Henry Buzy-Cazaux : Depuis la loi ALUR du 24 mars 2014, le locataire âgé de plus de 65 ans, et non de 70 ans comme préalablement, est protégé de façon exceptionnelle par rapport aux autres preneurs: il ne peut lui être signifié de congé, sauf à trouver pour lui un logement similaire. La loi dite Macron, d’août 2015, renforce encore cette protection en l’étendant à tout locataire ayant à charge une personne âgée de plus de 65 ans. Il faut ajouter que le législateur a introduit un critère tendant à moraliser cette disposition: seules les personnes aux plus faibles revenus, en pratique inférieures à 23000€ en Île-de-France et à 20000€ en province, sont concernées par cette protection. 
On ne peut nier que cette mesure ait eu un effet pervers: des bailleurs préfèrent ne pas louer à des personnes dont l’âge approche les 65 ans, qui pourront se prévaloir de cette protection en cours de contrat. Dans les villes moyennes, où la demande locative est faible, ce risque est quasi nul. Sur les marchés tendus, il est clair que les propriétaires ont le choix et qu’ils peuvent opter pour un candidat locataire plus jeune. 
La réaction est simple: les investisseurs n’aiment pas les contraintes et, même s’il n’en font pas usage, ils veulent pouvoir disposer de leur bien. C’est pour eux un confort. Il ne faut pas aller chercher les raisons dans quelque idéologie que ce soit hostile aux personnes des troisième et quatrième âge. La logique est beaucoup plus épidermique. Il n’empêche que cette bonne intention du législateur se retourne contre les seniors dans certaines situations. J’ajoute que ce problème se pose essentiellement lorsque la relation n’est pas intermédiée: quand un professionnel intervient, il sait rassurer le bailleur en faisant prévaloir les atouts des locataires plus âgés, qui sont stables et ont un rapport respectueux à leur logement, avec une solvabilité sans risque réel de dégradation. 

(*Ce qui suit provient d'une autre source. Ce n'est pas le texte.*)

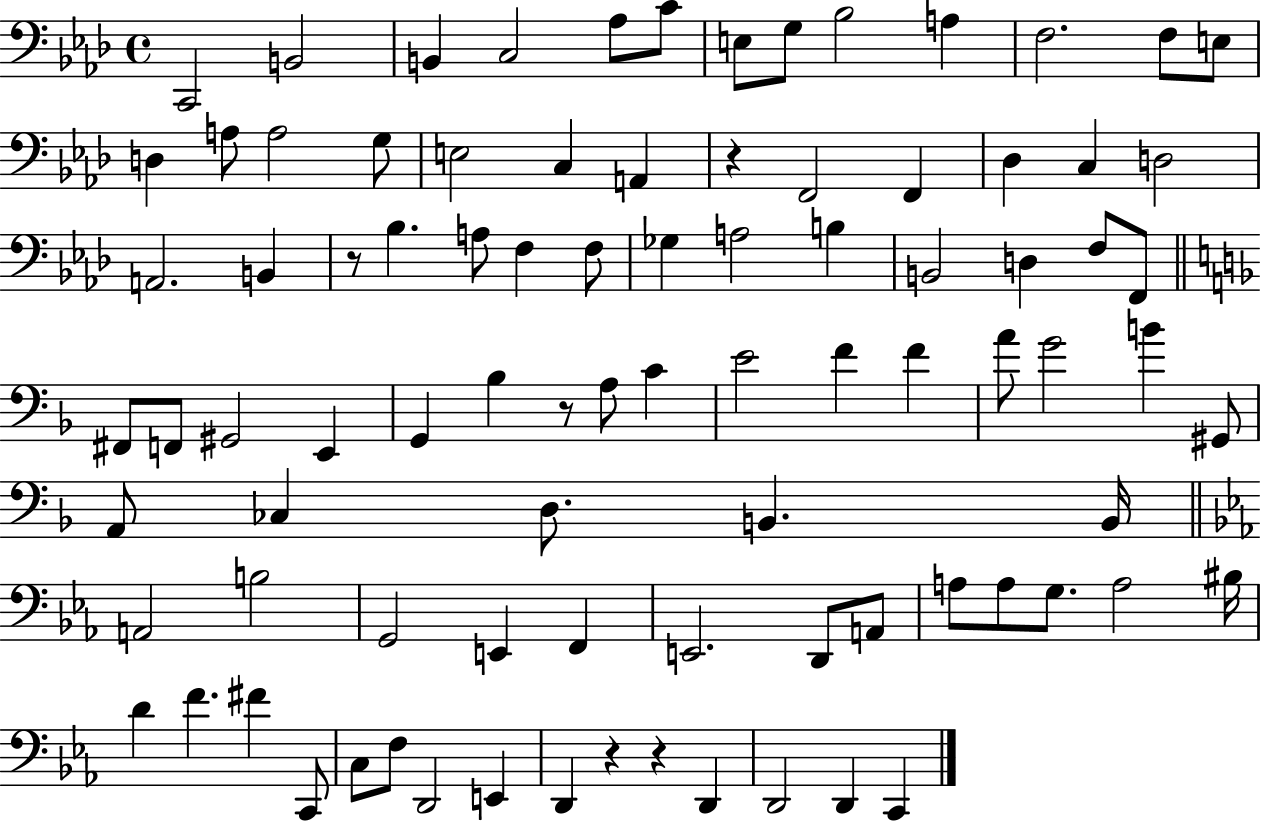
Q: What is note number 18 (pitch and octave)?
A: E3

Quelle est l'ampleur de ce phénomène ? Est-il vraiment possible de le quantifier ? 

L’ampleur du phénomène n’est pas connue. Cela dit, comme pour tous les problèmes de discrimination, un seul cas est de trop. L’enjeu est moral et renvoie à des valeurs inconditionnelles. 

Comment réguler cela ? La loi doit-elle être modifiée, doit-on instaurer un contrôle pour éviter que les propriétaires refusent certains séniors en locataire ?  

Le législateur a fait son travail. Aucune disposition visant à normer une situation n’est à l’abri d’être tournée et utilisée contre ses bénéficiaires. Les contrôles sont un remède, bien sûr, avec les limites d’un exercice qui exige des moyens humains considérables: 1,6 million de locations nouvelles se signent chaque année dans notre pays! Je crois au pouvoir didactique de la presse...et au pouvoir de dénoncer des situations choquantes. Il faut aussi mentionner le rôle en la matière du Défenseur des droits, qui a succédé dans ce domaine à l’organisme public dont la mission consistait à lutter contre les discriminations, la HALDE (la Haute Autorité pour la lutte contre les discriminations et pour l’égalité). Le Défenseur a d’ailleurs le pouvoir d’utiliser le testing, pour établir qu’un comportement a malmené l’obligation de neutralité d’un propriétaire. Il peut être saisi sans frais par quelqu’un qui s’estime lésé.